Short descriptive text snippets:
####

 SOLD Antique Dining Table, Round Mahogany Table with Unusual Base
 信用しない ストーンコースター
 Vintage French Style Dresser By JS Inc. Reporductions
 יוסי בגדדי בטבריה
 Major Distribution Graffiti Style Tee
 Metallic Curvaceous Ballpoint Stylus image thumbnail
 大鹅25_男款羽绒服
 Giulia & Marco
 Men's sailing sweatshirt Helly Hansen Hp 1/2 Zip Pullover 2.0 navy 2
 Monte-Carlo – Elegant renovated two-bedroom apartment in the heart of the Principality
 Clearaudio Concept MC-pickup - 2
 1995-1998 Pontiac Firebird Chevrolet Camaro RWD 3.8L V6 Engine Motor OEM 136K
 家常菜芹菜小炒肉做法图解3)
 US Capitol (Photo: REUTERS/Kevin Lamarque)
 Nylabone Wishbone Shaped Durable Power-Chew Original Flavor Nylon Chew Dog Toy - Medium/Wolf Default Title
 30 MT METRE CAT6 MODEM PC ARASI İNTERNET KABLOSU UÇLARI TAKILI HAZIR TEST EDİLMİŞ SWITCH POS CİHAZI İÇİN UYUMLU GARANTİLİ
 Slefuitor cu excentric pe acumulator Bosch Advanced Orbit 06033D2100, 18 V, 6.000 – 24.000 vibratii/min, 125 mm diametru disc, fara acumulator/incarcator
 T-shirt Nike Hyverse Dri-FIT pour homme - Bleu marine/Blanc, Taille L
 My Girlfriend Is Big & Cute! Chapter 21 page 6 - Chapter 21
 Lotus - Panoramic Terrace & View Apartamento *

####

Send back every entry precisely as given.

Response area:
 SOLD Antique Dining Table, Round Mahogany Table with Unusual Base
 信用しない ストーンコースター
 Vintage French Style Dresser By JS Inc. Reporductions
 יוסי בגדדי בטבריה
 Major Distribution Graffiti Style Tee
 Metallic Curvaceous Ballpoint Stylus image thumbnail
 大鹅25_男款羽绒服
 Giulia & Marco
 Men's sailing sweatshirt Helly Hansen Hp 1/2 Zip Pullover 2.0 navy 2
 Monte-Carlo – Elegant renovated two-bedroom apartment in the heart of the Principality
 Clearaudio Concept MC-pickup - 2
 1995-1998 Pontiac Firebird Chevrolet Camaro RWD 3.8L V6 Engine Motor OEM 136K
 家常菜芹菜小炒肉做法图解3)
 US Capitol (Photo: REUTERS/Kevin Lamarque)
 Nylabone Wishbone Shaped Durable Power-Chew Original Flavor Nylon Chew Dog Toy - Medium/Wolf Default Title
 30 MT METRE CAT6 MODEM PC ARASI İNTERNET KABLOSU UÇLARI TAKILI HAZIR TEST EDİLMİŞ SWITCH POS CİHAZI İÇİN UYUMLU GARANTİLİ
 Slefuitor cu excentric pe acumulator Bosch Advanced Orbit 06033D2100, 18 V, 6.000 – 24.000 vibratii/min, 125 mm diametru disc, fara acumulator/incarcator
 T-shirt Nike Hyverse Dri-FIT pour homme - Bleu marine/Blanc, Taille L
 My Girlfriend Is Big & Cute! Chapter 21 page 6 - Chapter 21
 Lotus - Panoramic Terrace & View Apartamento *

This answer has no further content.